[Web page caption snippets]

════════

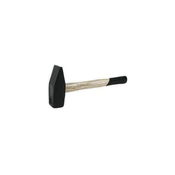 Enpro Kladivo 703859 Hammer, 2000 g, LIMIT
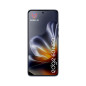 Motorola edge 60 Neo 16,1 cm (6.36") Doppia SIM Android 15 5G USB tipo-C 8 GB 256 GB 5000 mAh Grigio Motorola edge 60 Neo 16,1 cm (6.36") Doppia SIM Android 15 5G USB tipo-C 8 GB 256 GB 5000 mAh Grigio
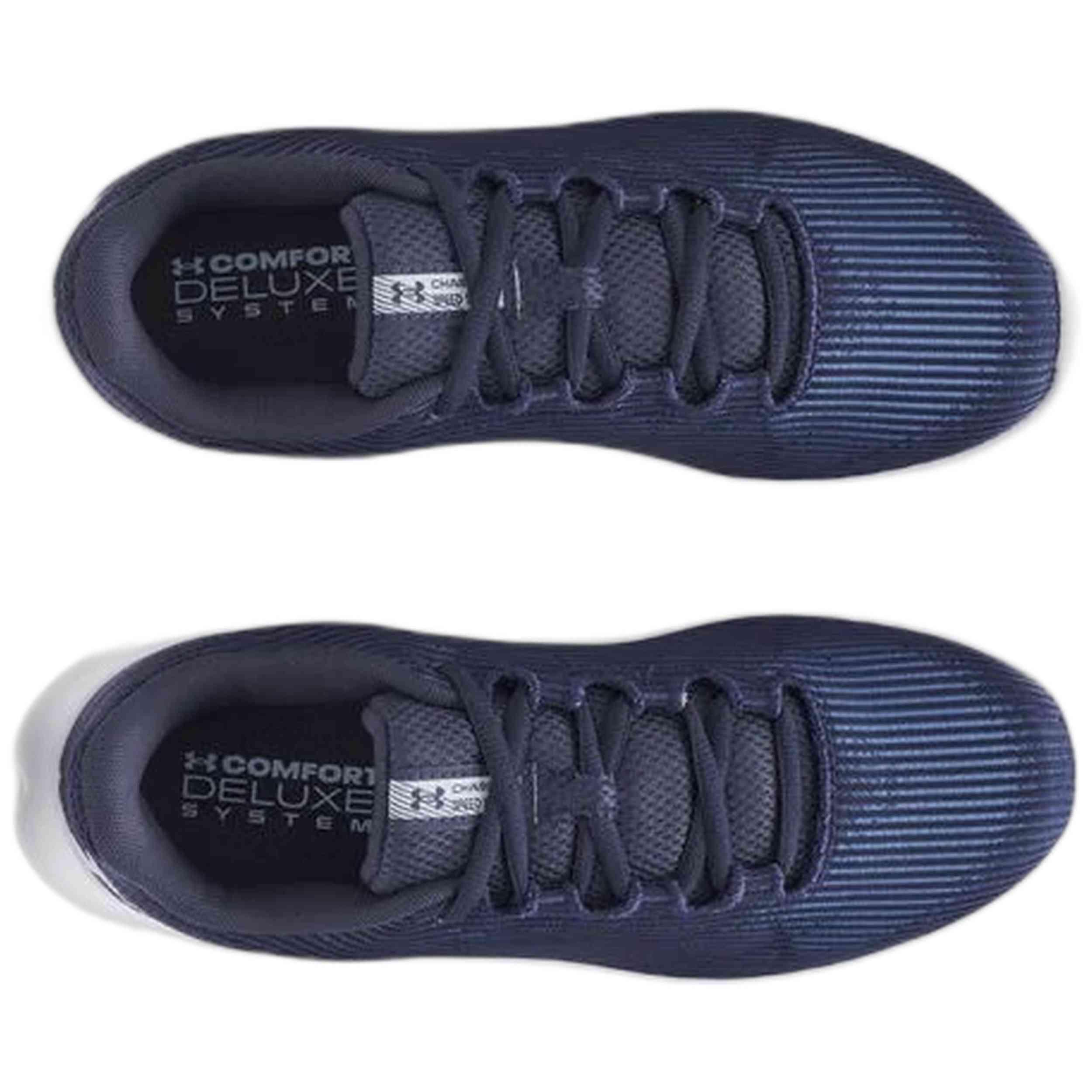 Zapatillas de running Under armour modelo 3027006-403 para mujer 2/7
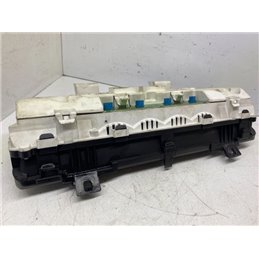 SUZUKI LIANA Kilométeróra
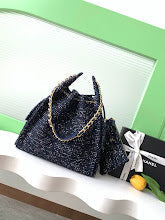 new-elite-designer-bags-nm6041
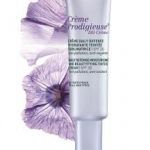 DD Creams… what else?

════════

> _Required work_
The entries are to be transcribed in full. Their pictures are not.

> _Response to the task_
 Enpro Kladivo 703859 Hammer, 2000 g, LIMIT
 Motorola edge 60 Neo 16,1 cm (6.36") Doppia SIM Android 15 5G USB tipo-C 8 GB 256 GB 5000 mAh Grigio Motorola edge 60 Neo 16,1 cm (6.36") Doppia SIM Android 15 5G USB tipo-C 8 GB 256 GB 5000 mAh Grigio
 Zapatillas de running Under armour modelo 3027006-403 para mujer 2/7
 SUZUKI LIANA Kilométeróra
 new-elite-designer-bags-nm6041
 DD Creams… what else?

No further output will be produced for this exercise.